Vivimos en el 25% del planeta donde, según parece, merece la pena vivir, y así lo constatan no sólo los pobres que intentan arribar a nuestras costas, sino también los ricos que se animan a lo mismo. El rey Fahd y su amplio séquito han copado las mansiones de Marbella y la ciudad respira la inquieta agitación de comerciantes y hoteleros que quieren hacer su agosto a cuenta de los sauditas. Es curioso, todos los árabes optan por visitarnos, pero sólo algunos pueden hacerlo sin problemas: precisamente aquellos con dinero.

Recuerdo una visita a Viena hace ya algunos años. Los hoteles de cinco estrellas de la ciudad (que uno sólo cataba, como clase media europea, visitando humildemente sus cafeterías) estaban llenos de individuos procedentes de países islámicos, morenos, broncíneos, que montaban y desmontaban de lujosas limusinas, ostentaban relojes de precio exorbitante y lucían gruesas cadenas de oro sobre el pecho.Uno se explica que esos lujosos residentes de hoteles vieneses o marbellíes no cuenten con problema alguno en nuestras democráticas fronteras, y que sean sus hermanos depauperados los que cargan con el mochuelo de viajar en pateras, saltar vallas electrificadas o dormir bajo los puentes. Pero dudo mucho que estas diferencias tengan un carácter estrictamente racista.

Se habla del racismo como de una especie de anacrónico residuo de tiempos pasados (conductas vinculadas al fascismo, al patriotismo cejijunto, al sentimiento más reaccionario) sin caer en la cuenta de que, en el fondo, nuestra sociedad no es en ningún modo racista. Cuando la sociedad discrimina al extranjero en virtud de sus medios económicos no ejercita una conducta racista. No se trata de los últimos resuellos de una ideología anacrónica. Muy al contrario, se trata de una posición reprobable, pero rigurosamente actual.
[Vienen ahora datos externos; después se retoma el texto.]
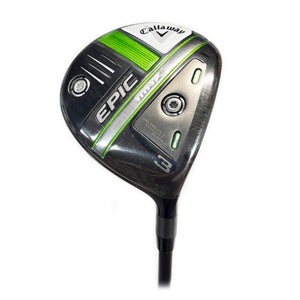Callaway Epic Max 15* 3 Fairway Wood Graphite Project X Cypher Forty 5.0 Senior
El racismo, en su concepción original, no existe entre nosotros salvo en reducidísimos círculos fascistas. Por eso el racismo económico (que rigurosamente no es racismo, sino otra cosa) no es una antigualla sino una vertiente más de la contemporaneidad. La posibilidad de discriminar o no a un moro (hablemos al fin como los clásicos) según su patrimonio irritaría a un auténtico racista, y cuando nuestros Estados obran de ese modo no se aplican, en consecuencia, a doctrinas tenebrosas, entresacadas de lo peor de nuestro pasado, sino que esgrimen, con abrumadora coherencia lógica, uno más de los principios de un neoliberalismo que hoy se pretende moderno y actual.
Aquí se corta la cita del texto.